Remembering Blaze Starr: Miss Spontaneous Combustion

By on June 17, 2015

In 1962, burlesque dancer and legendary stripper Blaze Starr — born Fannie Belle Fleming in Wilsondale, West Virginia, she died on on Monday, June 15, 2015, age 83 — appeared in this wonderfully colorful campy little movie, Blaze Starr Goes Nudist, playing herself, which shows her checking out the scenery at Florida’s Sunny Palms nudist resort, where she discovers first-hand the wonders of nude volleyball, nude archery and, of course, nude checkers. (NSFW)
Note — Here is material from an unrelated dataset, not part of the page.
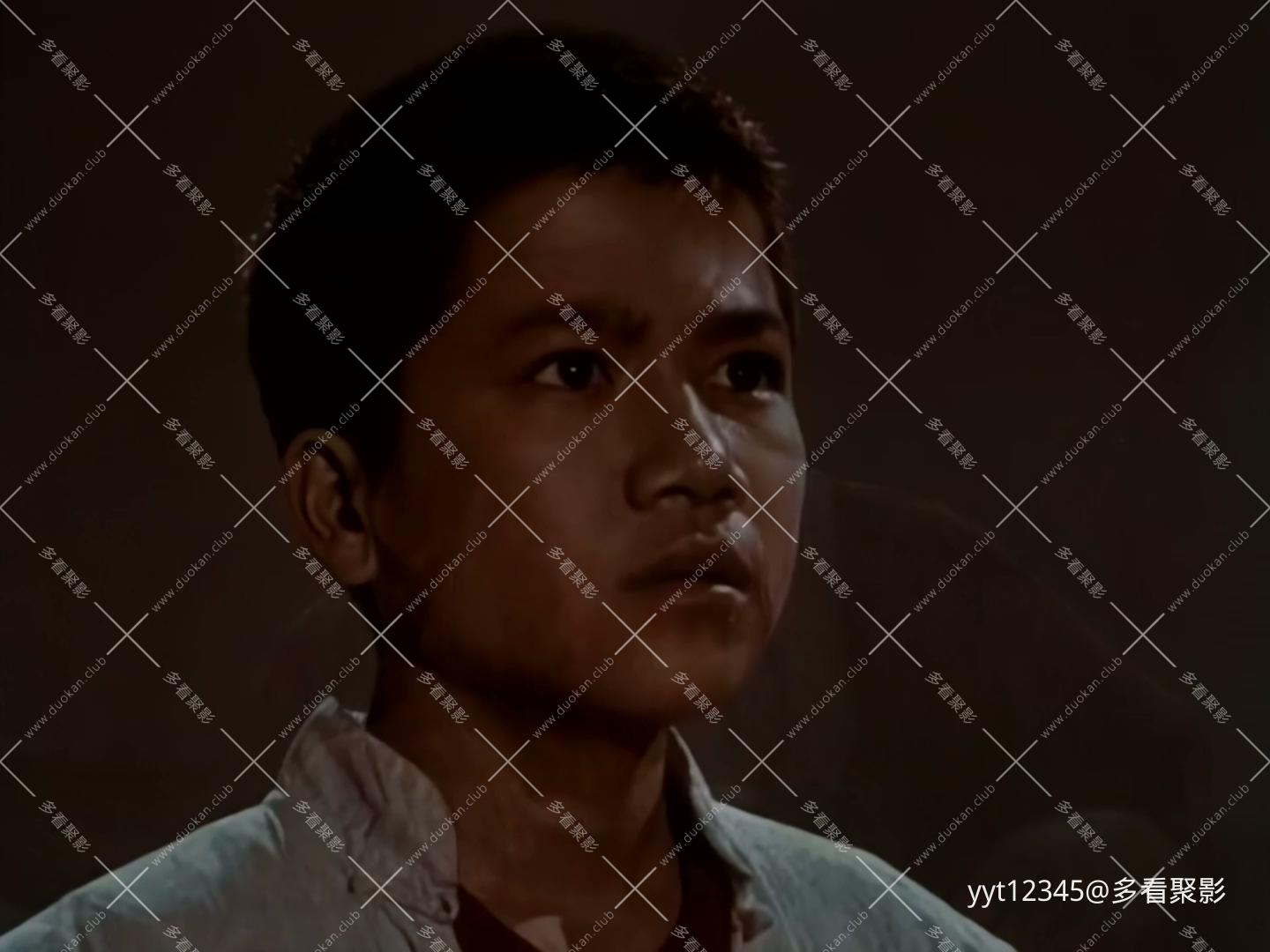 黄河少年[1975Ts] Iris3.mkv_20260711_120037.727.jpg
It all comes together after Blaze, the voluptuous Queen of Burlesque — she was known as “Miss Spontaneous Combustion” and “The Hottest Blaze in Burlesque” — ducks into a movie theater to escape her agent — who is also her fiancé — and her scheduled press functions, and ends up seeing a movie on nudism. Intrigued, Blaze Starr Goes Nudist!, and we get to see her having an wonderful time, even finding the time to fall for the camp director, Andy Simms (Ralph Young, who is billed here as Russ Martine, was one-half of the popular 60s singing duo Sandler & Young).

Fiery Blaze
Studio portrait of Blaze Starr, reclining on pillows on the floor, wearing a red-trimmed white dress and white elbow-length gloves, circa 1955 (Photo by Hulton Archive/Getty Images)
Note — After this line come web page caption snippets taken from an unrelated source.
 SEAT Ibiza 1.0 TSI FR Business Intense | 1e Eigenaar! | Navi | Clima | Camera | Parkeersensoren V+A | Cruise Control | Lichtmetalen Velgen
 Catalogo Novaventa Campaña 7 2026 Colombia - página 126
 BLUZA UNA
Ms. Starr is not only known for her role as in the world of stripping and burlesquery, but she is also known for her many public affairs with politicians, like Louisiana governor Earl Long (it was the basis of the Ron Shelton’s 1989 film Blaze, starring Lolita Davidovich in the title role, alongside Paul Newman as the governor.)

The film drew upon excerpts from her memoir, Blaze Starr: My Life as Told to Huey Perry, published in 1974.

In her New York Times obit this week, she was remembered for her “thickly luxurious, fiery red hair, an ample bosom and a penchant for playful humor.”  


Here’s more from the NYT:

She was born Fannie Belle Fleming in Wilsondale on April 10, 1932. As a child, the eighth of 11 in her family, she washed laundry for $1 a day. Her father was a railroad worker. As a teenager she got on a bus to Washington and landed a job there as a singer in a country band. But while working at a doughnut shop she met a promoter who persuaded her to become a stripper, saying the pay was better.

At 15, Ms. Starr began performing at a club near the Marine Corps base in Quantico, Va. In 1950, after moving to Baltimore, she stepped onto the runway of the 2 O’Clock Club on the Block, that city’s famous strip of adult entertainment shops and stages. Two of her sisters, following her lead, also worked as strippers on the Block.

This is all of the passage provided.